----- Available data -----
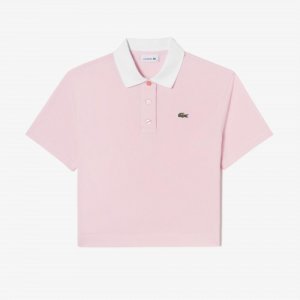 LACOSTE Женская укороченная рубашка-поло с цветными блоками [Светло-Розовый]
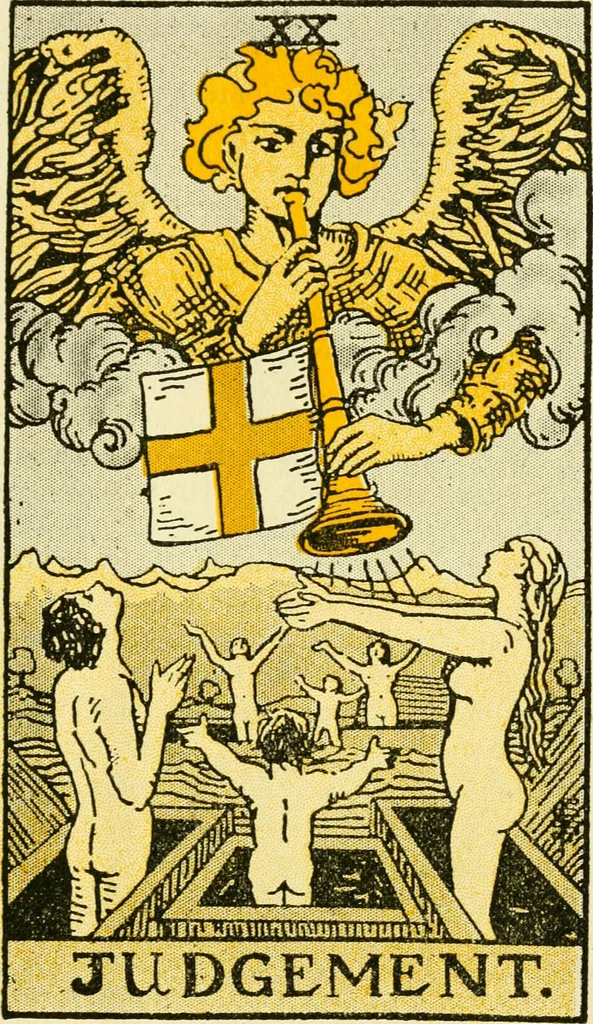 An illustration from The illustrated key to the tarot, the veil of divination, illustrating the greater and lesser arcana, embracing: The veil and its symbols. Secret tradition under the veil of divination. Art of tarot divination. Outer method of the oracles. The tarot in history. Inner symbolism. The greater keys, 1918, leaf 82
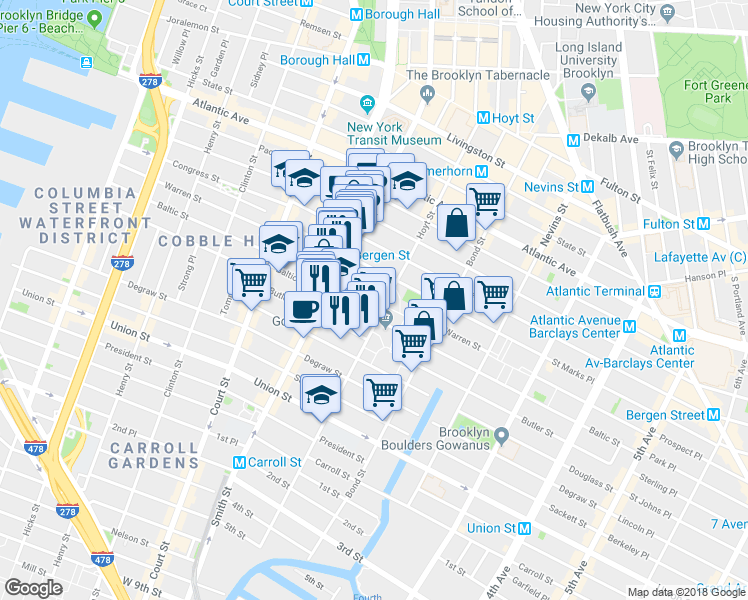 map of restaurants, bars, coffee shops, grocery stores, and more near in Brooklyn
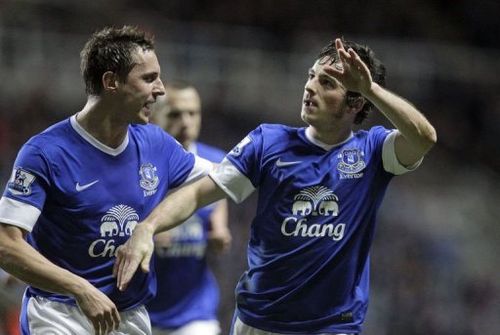 Everton's Leighton Baines (R) celebrates scoring at St James' Park in Newcastle on January 2, 2013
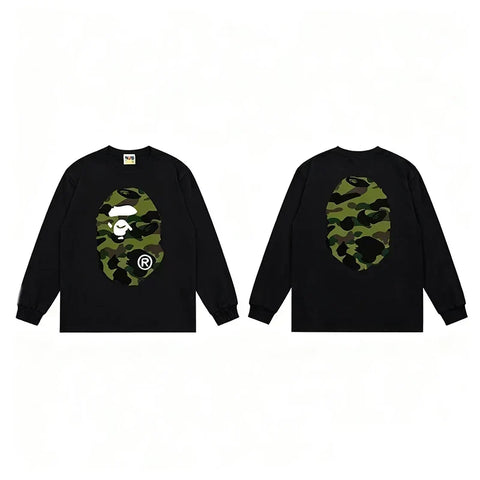 BAPE Style Big Camo Ape Head Long-Sleeve Tee - Black/Green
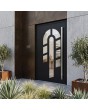 Black single aluminum door with with decorative glass 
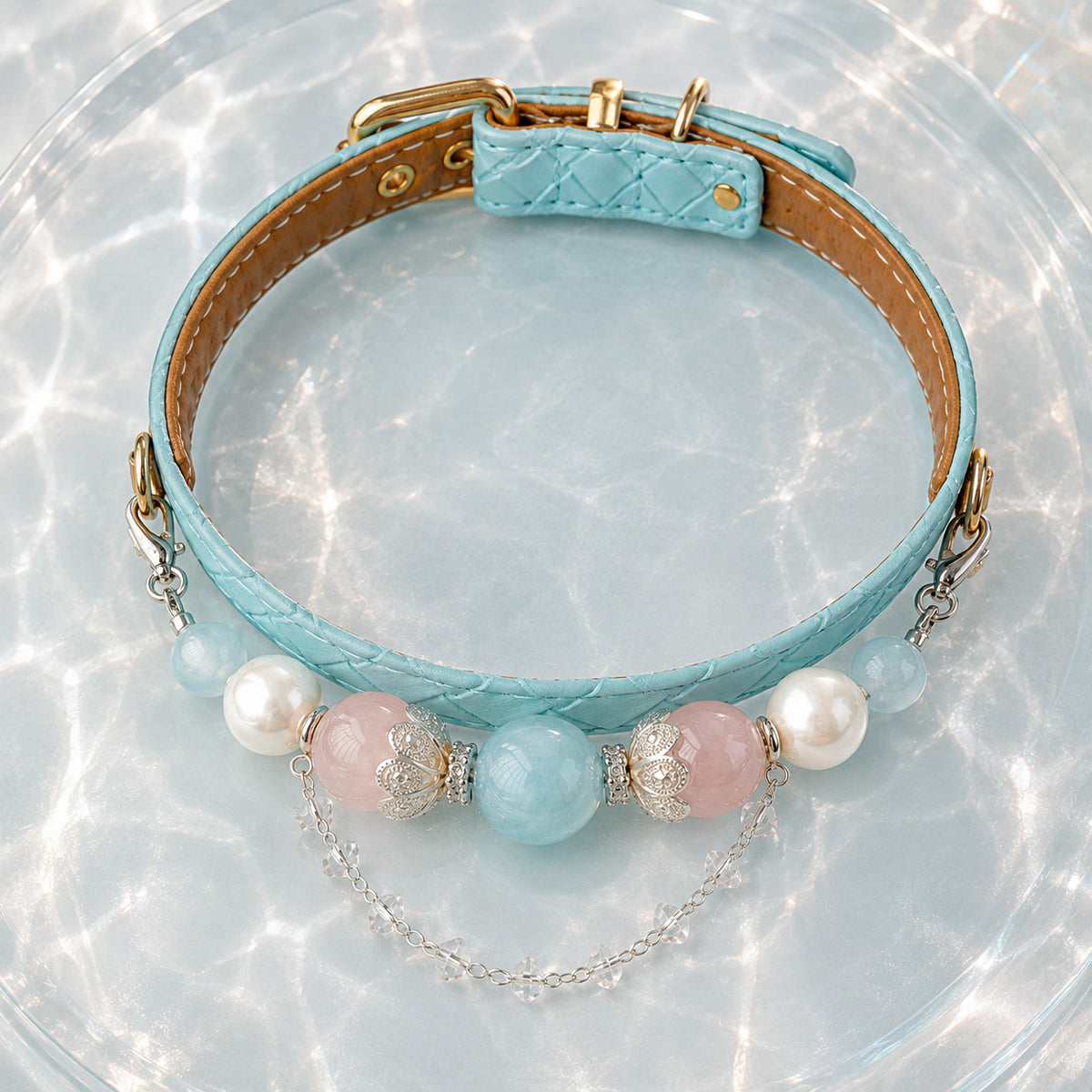 Aqua Reverie Aquamarine & Pearl Pet Jewelry Collar — KINRIOT crystal pet jewelry for size-compatible cats and dogs, gallery view 7.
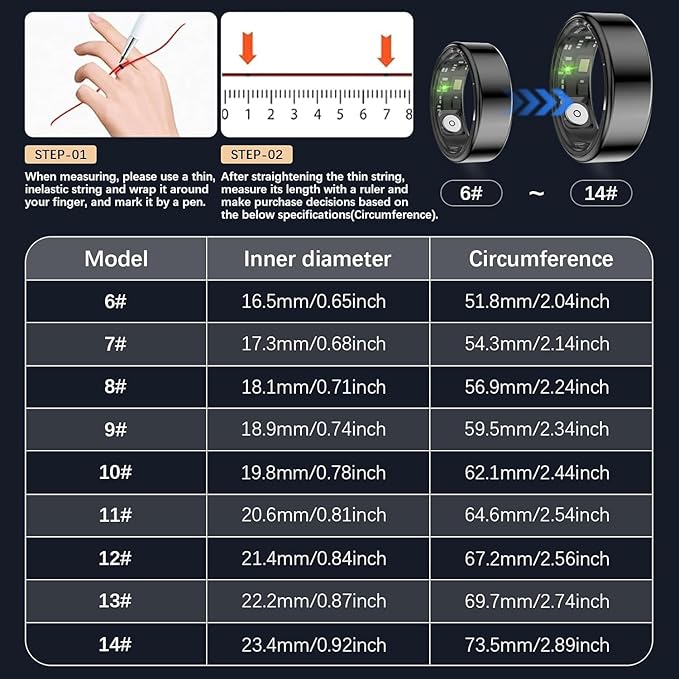 Health Tracker Ring, Smart Health Ring for Women Men with Heart Rate, Blood Oxygen, Sleep Monitor, Steps,Calories, No Subscription Fee, IP68 Waterproof Smart Ring for iPhone & Android (Black, 14#)
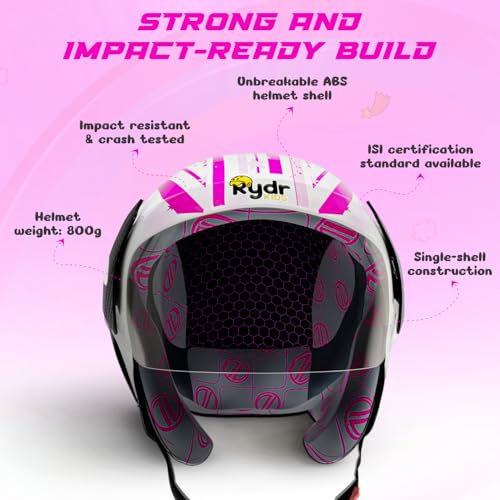 Image of RydrKids URA Star Nova Pink Kids Riding Helmet with Visor Shield & Carry Bag | Size S for Girls Up to 13 Years | Lightweight Adjustable ISI Certified Protective Gear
-----
● To do
Please repeat exactly the lines from the one containing "Aqua Reverie Aquamarine" through the end of the entries, both included, omitting pictures.

● Response to the exercise
 Aqua Reverie Aquamarine & Pearl Pet Jewelry Collar — KINRIOT crystal pet jewelry for size-compatible cats and dogs, gallery view 7.
 Health Tracker Ring, Smart Health Ring for Women Men with Heart Rate, Blood Oxygen, Sleep Monitor, Steps,Calories, No Subscription Fee, IP68 Waterproof Smart Ring for iPhone & Android (Black, 14#)
 Image of RydrKids URA Star Nova Pink Kids Riding Helmet with Visor Shield & Carry Bag | Size S for Girls Up to 13 Years | Lightweight Adjustable ISI Certified Protective Gear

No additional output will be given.